Who are you?
Self-identity—and being loyal towards it—has been on my mind a lot lately. As I’ve hit a peaceful and happy point in life after years of tumult, I started to think about how I got here.
It was about the time I’d shared an incendiary video two-ish years ago—which triggered what is still the most hateful response I’ve ever received from another human being—that I realized, once and for all, that I (and what I believe about the world) was different.
Though it was just a rumbling, I can look to that moment as the fork where I accepted that what was in my head conflicting with the opinions of those around me was perfectly acceptable—social congruency be damned. I slowly internalized that descending the hill of social pressure and anxiety toward peace and self-acceptance is a terribly humbling (and at times, heartbreaking) experience.
I learned that sharing my true opinions in discussions where they didn’t agree with the consensus or overarching narrative was fine. I quickly realized that while potentially isolating, learning to speak your mind is incredibly empowering and acts to build an unshakable confidence that can intimidate others into listening; an ability not to be underestimated in an increasingly noisy world.

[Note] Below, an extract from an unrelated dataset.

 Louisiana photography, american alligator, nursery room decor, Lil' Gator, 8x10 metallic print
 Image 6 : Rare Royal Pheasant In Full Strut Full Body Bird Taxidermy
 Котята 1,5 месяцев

What was important in the development of this is understanding that other folks’ interpretation of my opinions and beliefs was not who I am. No one can tell you who you are except for yourself. Taking the appropriate time and measures to figure that out is one of the most liberating things—to date, at least—that someone can do.

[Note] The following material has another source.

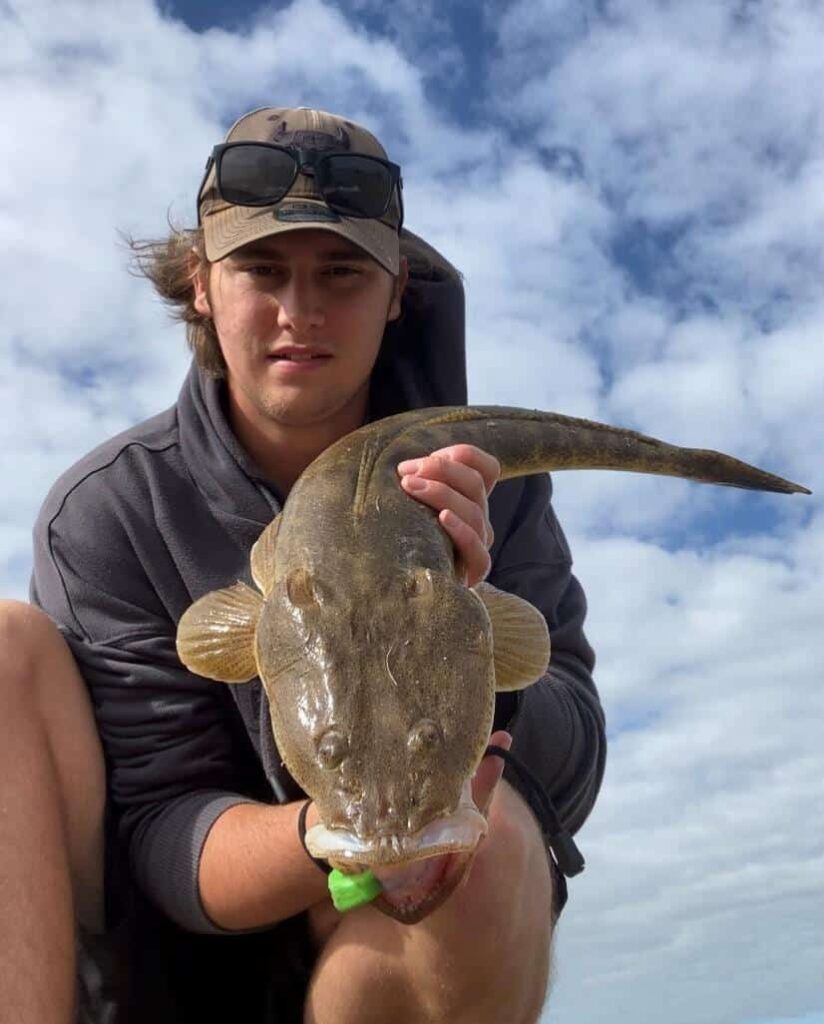 incredible fishing baitfish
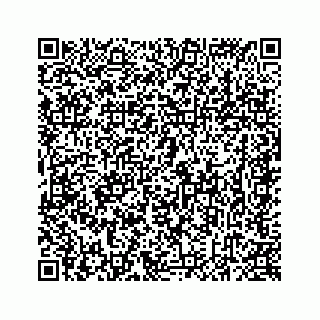 vCard 78637320287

Who you are is what you do regardless of who is watching. In a maxim: the people worth admiring in this world are busy living their values, not just hawking them on the social marketplace collecting points from weak-willed tagalongs.
It’s far from easy. I grinned and bore it through a very difficult time a few years back because I knew that compromising my beliefs and principles for social acceptance was tantamount to suicide.
The people who looked beyond my words to my true character are still friends. Those who failed to do so had their thread cut by my freshly sharpened axe.
I’ve chosen to write this now because it’s clear the world is changing, but it felt important to point out that change needn’t cause strife. I realized this during a conversation with some old friends a few weeks back where the phrase “we’ll be alright” kept cropping up in reference to the current Administration.
Harsh reality: who is in the White House should have very little bearing on your mental and emotional stability—that’s on you. Speaking especially to men, if that’s your breaking point: buddy, strap the fuck in.
The next few decades—politically and technologically—will challenge who we are as a civilization and if we’re to come out the other side in one piece, it’s worth getting to know our true selves and, equally important: learning to accept others and not default to binary divisiveness.
Love people and ultimately judge people for who they really are: what they do. Not for your passing interpretation of who you think they are based on their presumed affiliations. If you make this your default outlook, you will be absolutely blown away at how great the world and the people around you truly are (and can be).
Move towards love and acceptance; you won’t regret it.